Cash                $175
            Sales               $175
                        Necklace sale

Record the return:

Sales returns and allowances              $175
            Cash                                                    $175
                        Refund for return of necklace

Maybe the customer is willing to take the necklace to a jeweler to have an extension put on it and you agree to offer a discount.  The journal entry to record the sale would be the same as above.  

To record the discount:

Sales returns and allowances              $25
            Cash                                                    $25
                        Discount given on necklace purchase

It’s good accounting to keep a separate account for return and refund amounts.  You will have a record of total sales and be able to monitor and identify if there are problems occurring.

Tuesday, May 4, 2010

After you’ve checked your merchant statement for accuracy you will make the following journal entry:

Cash                                                            $1,625
Merchant transaction fees                                  225
Terminal Rental & merchant expense                   50
Sales returns                                                     100
           Sales                                                                        2,000
                       Record credit card sales for May

(Remember, debits on the left and credits on the right)
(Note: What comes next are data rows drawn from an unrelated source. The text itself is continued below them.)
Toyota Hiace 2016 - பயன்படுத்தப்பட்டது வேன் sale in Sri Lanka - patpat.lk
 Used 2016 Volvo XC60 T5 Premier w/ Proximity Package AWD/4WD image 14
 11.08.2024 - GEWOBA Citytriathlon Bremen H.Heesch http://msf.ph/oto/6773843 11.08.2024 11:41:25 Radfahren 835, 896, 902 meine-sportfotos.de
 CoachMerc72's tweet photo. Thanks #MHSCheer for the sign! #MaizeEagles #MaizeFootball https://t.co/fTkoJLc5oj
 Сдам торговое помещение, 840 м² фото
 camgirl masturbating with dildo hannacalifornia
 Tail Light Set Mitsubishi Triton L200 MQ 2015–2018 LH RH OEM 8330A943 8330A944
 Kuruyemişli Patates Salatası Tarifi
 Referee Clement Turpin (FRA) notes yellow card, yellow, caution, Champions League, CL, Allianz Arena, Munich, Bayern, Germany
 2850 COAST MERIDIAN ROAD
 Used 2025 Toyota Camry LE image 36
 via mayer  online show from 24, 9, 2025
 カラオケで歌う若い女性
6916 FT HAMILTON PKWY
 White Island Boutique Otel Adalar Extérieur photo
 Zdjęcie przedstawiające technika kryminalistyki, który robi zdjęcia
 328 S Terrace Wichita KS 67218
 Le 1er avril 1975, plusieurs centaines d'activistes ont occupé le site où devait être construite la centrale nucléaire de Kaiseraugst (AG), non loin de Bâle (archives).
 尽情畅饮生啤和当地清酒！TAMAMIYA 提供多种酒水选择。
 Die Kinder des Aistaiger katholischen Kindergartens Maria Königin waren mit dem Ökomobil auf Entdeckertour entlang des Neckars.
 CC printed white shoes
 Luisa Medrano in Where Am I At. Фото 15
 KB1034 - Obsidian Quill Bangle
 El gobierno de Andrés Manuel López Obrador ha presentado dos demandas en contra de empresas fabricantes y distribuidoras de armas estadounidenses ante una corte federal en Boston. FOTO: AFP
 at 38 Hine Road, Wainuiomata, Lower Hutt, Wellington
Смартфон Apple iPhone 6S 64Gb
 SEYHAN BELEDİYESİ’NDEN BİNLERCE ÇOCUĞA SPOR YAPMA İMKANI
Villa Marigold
As I wrote previously, the transaction fees will either be deducted as a cost of sale or as an expense. If you had merchant transaction fees of $225 you will see below the two different ways it might appear on your Profit and Loss Statement. In either case the monthly gateway and terminal fees will be expenses. The example shows $50 in monthly merchant statement and rental fees. (I’m not showing the expense side in the first example, the statement and rental fees would be listed as in example 2.)

Example 1:

Sales                                                                       $2,000
           Cost of Goods Sold
                   Supplies                                    $300
                   Merchant Transaction Fees          225
            Net Cost of Goods Sold                                $525

Gross Profit on Sales                                              $1,475

Example 2:

       Office Expenses                                 $100
       Postage                                                 88
       Marketing                                            120
       Merchant Transaction Fees                  225
       Terminal rental & merchant exp              50
Total Expense                                                            $583

Thursday, April 29, 2010

Merchant Statements continued

The next part of your Merchant statement contains the transaction detail.  It shows the daily detail of your batch processing.  Included are the day of the month, reference number, the transaction code (deposit, chargeback, adjustment or reversal), type of card used, number of sales and amount of sales.  If you are set up for a daily discount program, previous discount payments would be included also.

The next section is your fee totals.  You will be making a journal entry based on the information included here and in the next section.  Some of these fees might include the monthly terminal rental and per transactions fees incurred.   The statement totals are found in the final summary section.  You will be making an entry for any statement fees and minimum discount fees charged (if you didn’t reach the minimum required for the month).

The IRS allows some merchant fees to be categorized as Cost of Goods Sold (COGS).  So, depending on your accounting, they will either reduce Gross Income or be an expense.   I should make a note here that the gateway fees (what you pay monthly for processing) are not considered COGS but are a dues and subscriptions expense.   I’ll follow with sample journal entries at my next writing.